2. The method of copy protection as described in Claim 1 further including the steps of: retrieving a derived watermark from the document to form a third digital string; generating a fourth digital string from the given text; running a correlation test between the third and fourth digital strings; and if the third and fourth digital strings have a predetermined correlation, generating an indication that the given text is present in the document.
3. An access control method, comprising the steps of: during a watermarking phase: generating a first digital string from an object sought to be protected to form a baseline watermark; generating a second digital string from given text; generating a watermark having a predetermined relationship to the first and second digital strings; and inserting the watermark into the object to protect access to the object; upon an access request: retrieving a derived watermark from the object to form a third digital string; generating a fourth digital string from the given text; correlating the third and fourth digital strings; and if the third and fourth digital strings have a predetermined correlation, authorizing access to the object.
4. A method of watermarking an object, comprising the steps of: generating a first digital string from the object to form a baseline watermark; generating a second digital string from given text providing an indication that a first action with respect to the object is allowed and a second action with respect to the object is prohibited; generating a watermark having a predetermined relationship to the given text and the second digital string; and inserting the watermark into the object.
5. A method for determining whether an object has a given watermark, comprising the steps of: processing the object to generate a data string; correlating the data string with a value that is a function of the given watermark and a second watermark such that information useful in determining the given watermark cannot be obtained from the value; and if the data string and the value correlate to a predetermined extent, indicating that the object has been watermarked with the given watermark.
6. A method for determining whether a document has a given watermark vector embedded therein, comprising the steps of: processing the document to generate a data string; correlating the data string with a value that is a function of the given watermark vector and a second watermark, wherein the second watermark masks information about the given watermark; accepting the document as including the given watermark vector if the data string and the value correlate to a predetermined extent.
7. A access protection method operative in a device having means for outputting given content, comprising the steps of: retrieving a derived watermark and a derived signal from the given content; generating a digital string from the derived signal using a secure hash function; correlating the derived watermark and the digital string; and based on a result of the correlating step, taking a given action.
8. A method for authorizing access to given content that has a given watermark embedded therein, comprising the steps of: processing the given content to generate a first data string; generating a second data string by applying a given function to the first data string; correlating the first and second data strings; and if the first and second data strings correlate to a given degree, providing a password to enable further processing of the given content.
9. A method for computing a derived watermark, comprising the steps of: processing a given work W to form a first data string x1, x2, ... processing a collection C of works to form a second data string yl, y21 ... Yn; and computing the derived watermark z1, Z2, ... Zn by applying a given function f(xj, yi).
10. A method of access control for a document, comprising the steps of: generating a first digital string from the document to form a baseline watermark; generating a second digital string from given text; generating a set of watermarks each having a predetermined relationship to the first and second digital strings; and inserting the set of watermarks into the document to protect the document against illicit use.
11. A method for detecting a watermark in a document using information that, if disclosed, does not compromise security of the document, comprising the steps of: processing the document to generate a data string; correlating the data string with the information; and accepting the document as including the watermark if the data string and the information correlate to a predetermined extent.
Description:
Method For Protecting Content Using Watermarking This application is a continuation-in-part of prior co-pending application U.S. Serial No. 08/615,534, filed March 12, 1996, now U.S. Patent No. 5,664,018.
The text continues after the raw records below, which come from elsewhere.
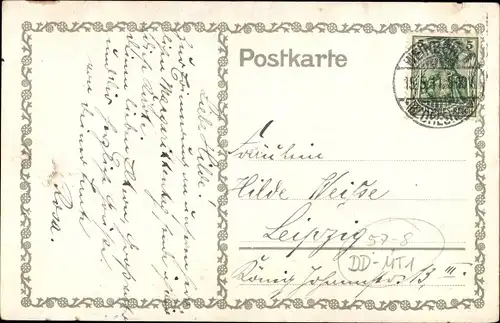 Künstler Ak Dresden, Margaritten Tag 1911, Blumentag, Kranz, Geldregen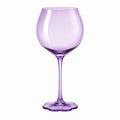Elegantes Lila Weinglas mit Blumenfuß 350ml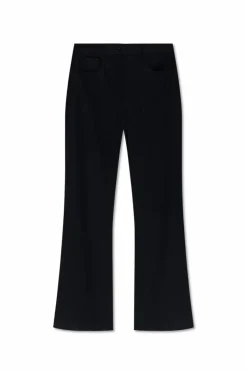 Acne Studios GRANATOWY Spodnie w kant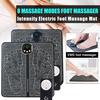 Массажер для ног EMS 8 режимов массажа 19 уровней интенсивности Автоматическое отключение USB-перезаряжаемый Пульт дистанционного управления Расслабление мышц Электронные ноги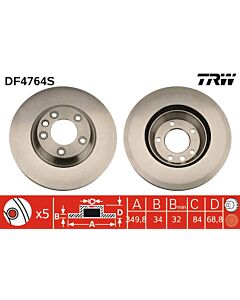 TRW DF4764S DISCO FRENO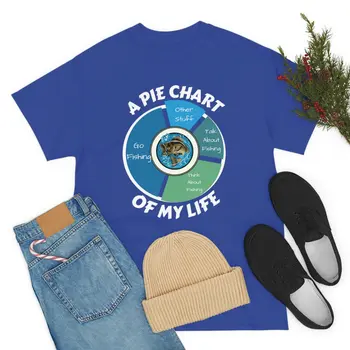 A PIE CHART OF MY LIFE - Unisex Heavy Cotton Tee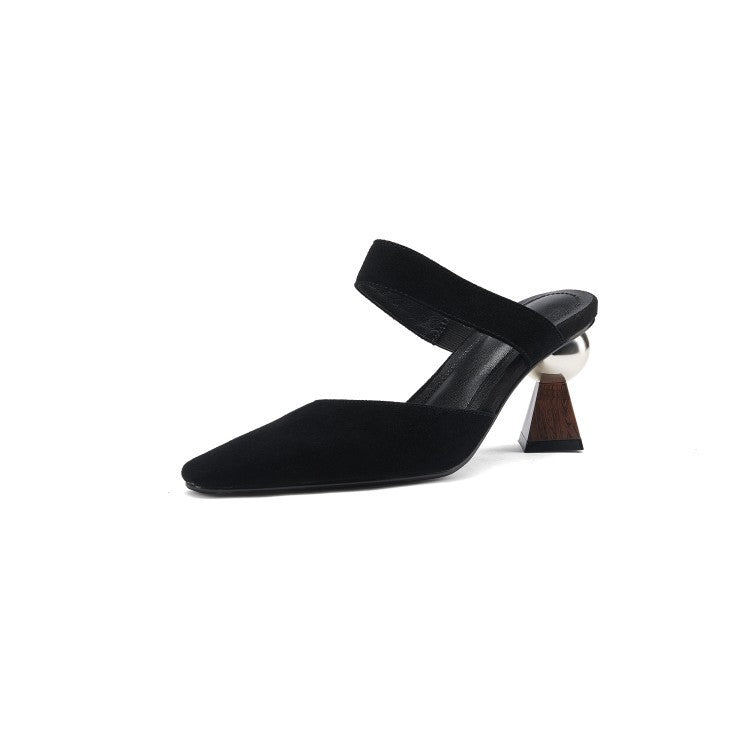 2023 New All-Leather Women's High Heel Shoes
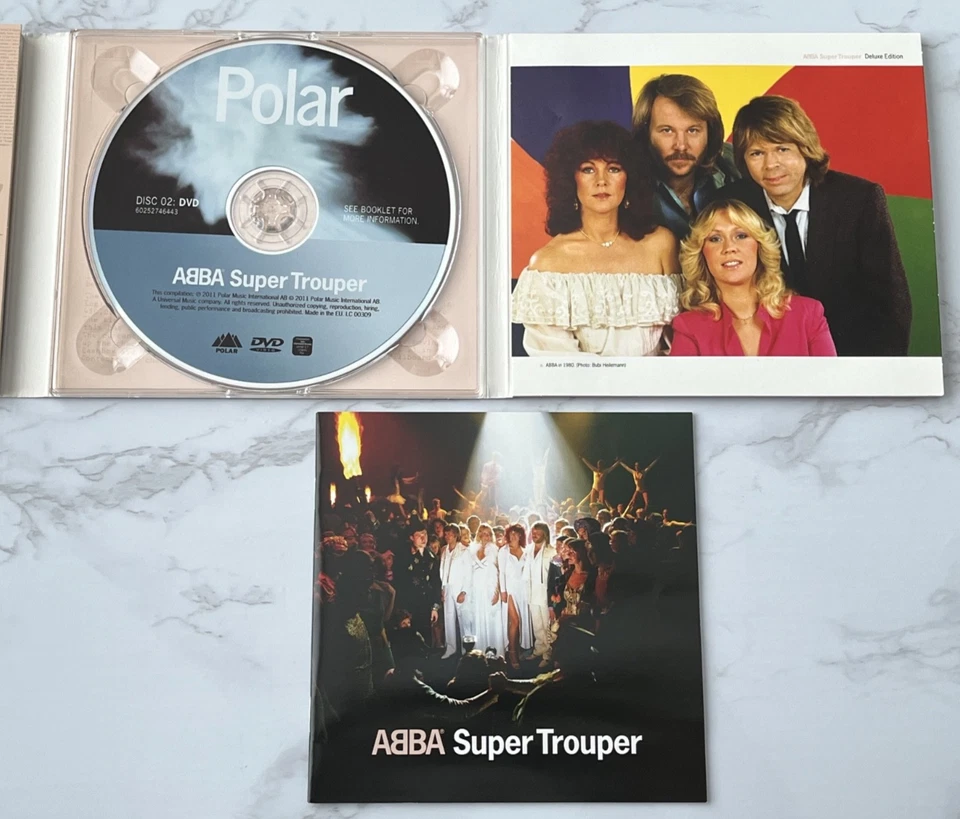 ABBA Super Trouper CD/DVD Digipak DELUXE ED. EU IMPORT! 2011 BONUS TRACKS! RARE! - Image 4 of 4
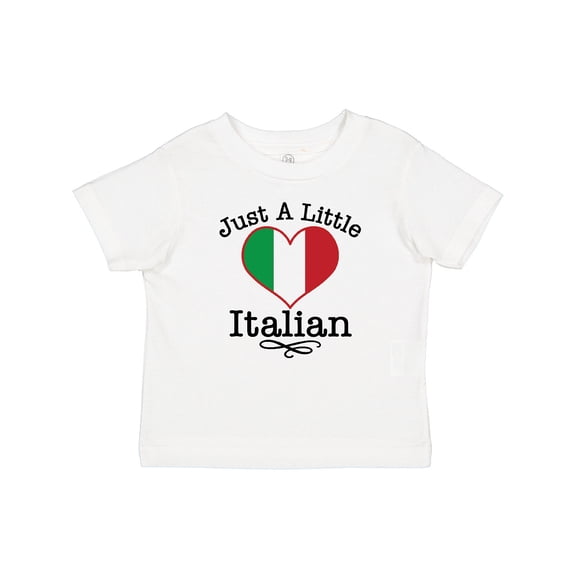 Inktastic Just a Little Italian Boys or Girls Baby T-Shirt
TECHNICAL FIELD The present invention relates generally to preventing unlawful copying of audio, video and other media that can be digitized and, more particularly, to improved watermarking techniques that are robust even against multiple individuals who conspire together with independent copies.

BACKGROUND OF THE INVENTION The proliferation of digitized media (audio, image and video) and the ease with which digital files can be copied has created a need for copyright enforcement schemes. Conventional cryptographic systems permit only vaiid keyholders access to encrypted data, but once such data is decrypted there is no way to track its reproduction or retransmission. Such schemes thus provide insufficient protection against unauthorized reproduction of information. It is known in the prior art to provide a so-called digital "watermark" on a document to address this problem. A "watermark" is a visible or preferably invisible identification code that is permanently embedded in the data and thus remains present within the data after any decryption process. One example of a digital watermark would be a visible "seal" placed over an image to identify the copyright owner. However, the watermark might also contain additional information, including the identity of the purchaser of a particular copy of the material.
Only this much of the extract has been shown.